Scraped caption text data
+ + + +

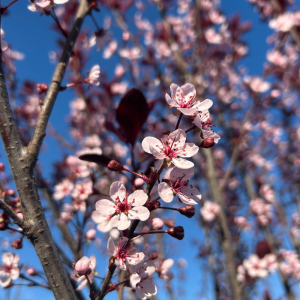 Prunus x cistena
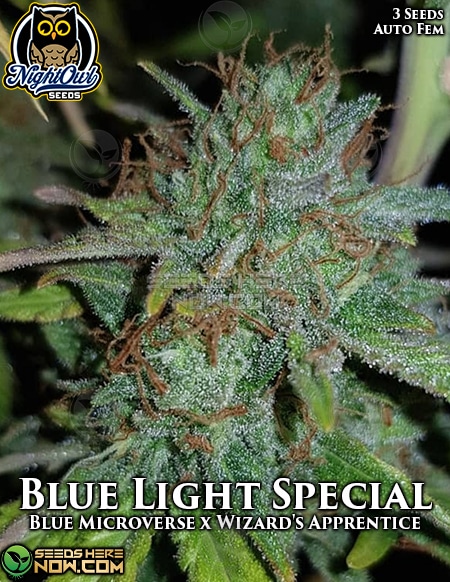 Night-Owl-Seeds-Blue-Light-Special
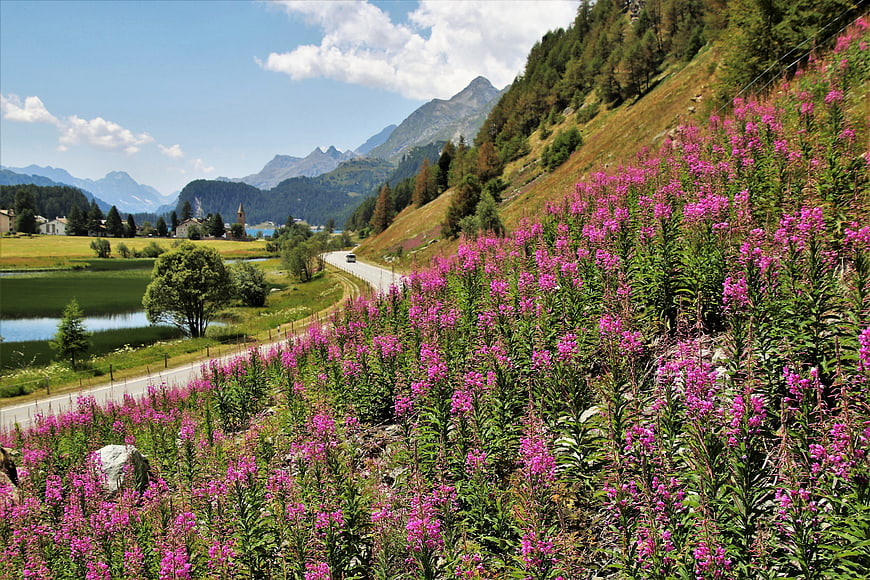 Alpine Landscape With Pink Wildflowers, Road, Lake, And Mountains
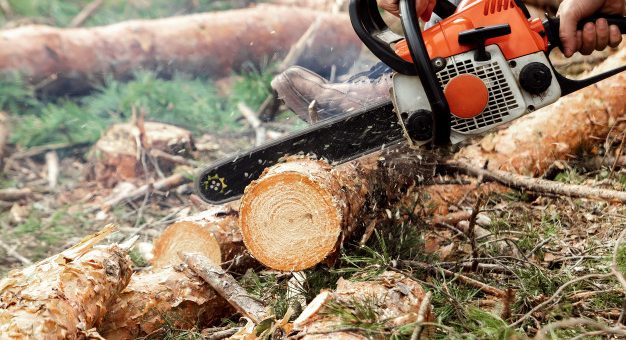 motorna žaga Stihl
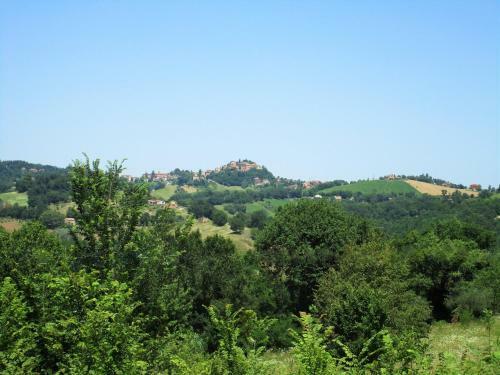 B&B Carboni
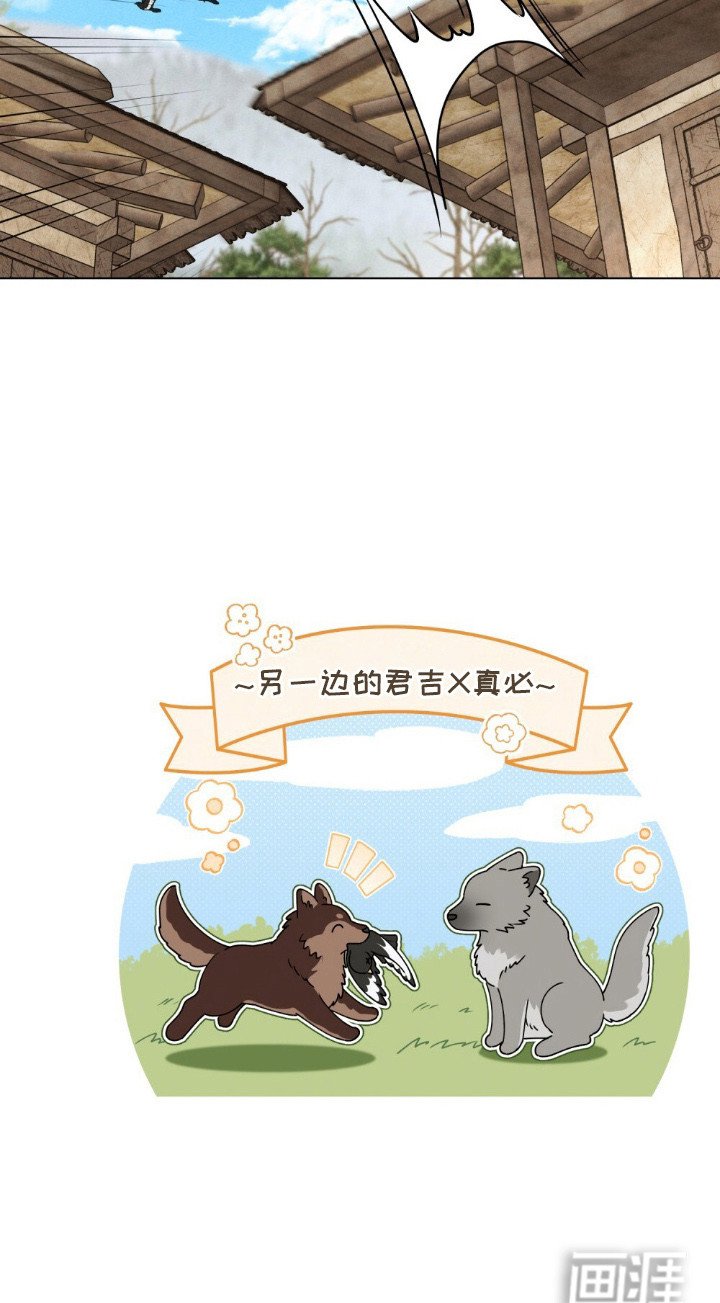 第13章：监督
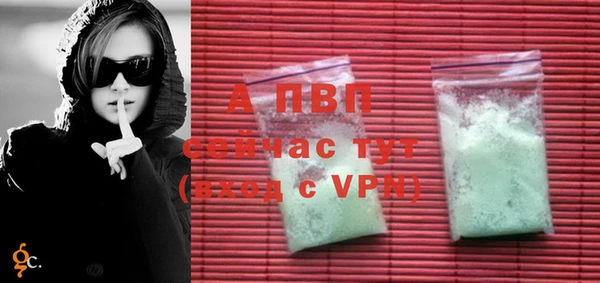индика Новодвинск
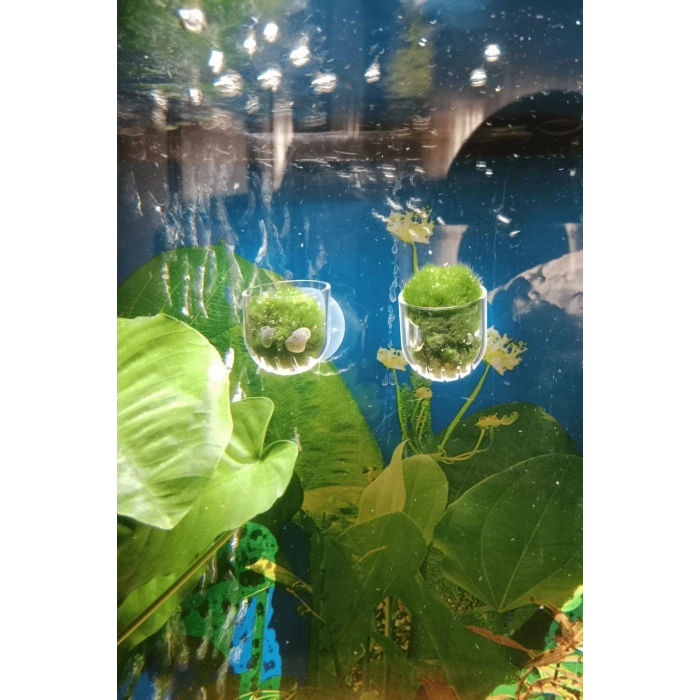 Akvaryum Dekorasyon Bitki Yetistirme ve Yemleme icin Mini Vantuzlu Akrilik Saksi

+ + + +

▸ **Task statement**: Print exactly the lines from the one containing "motorna žaga Stihl" through the last line of the records, both included, and leave out the pictures.

▸ **The completed task**:
 motorna žaga Stihl
 B&B Carboni
 第13章：监督
индика Новодвинск
 Akvaryum Dekorasyon Bitki Yetistirme ve Yemleme icin Mini Vantuzlu Akrilik Saksi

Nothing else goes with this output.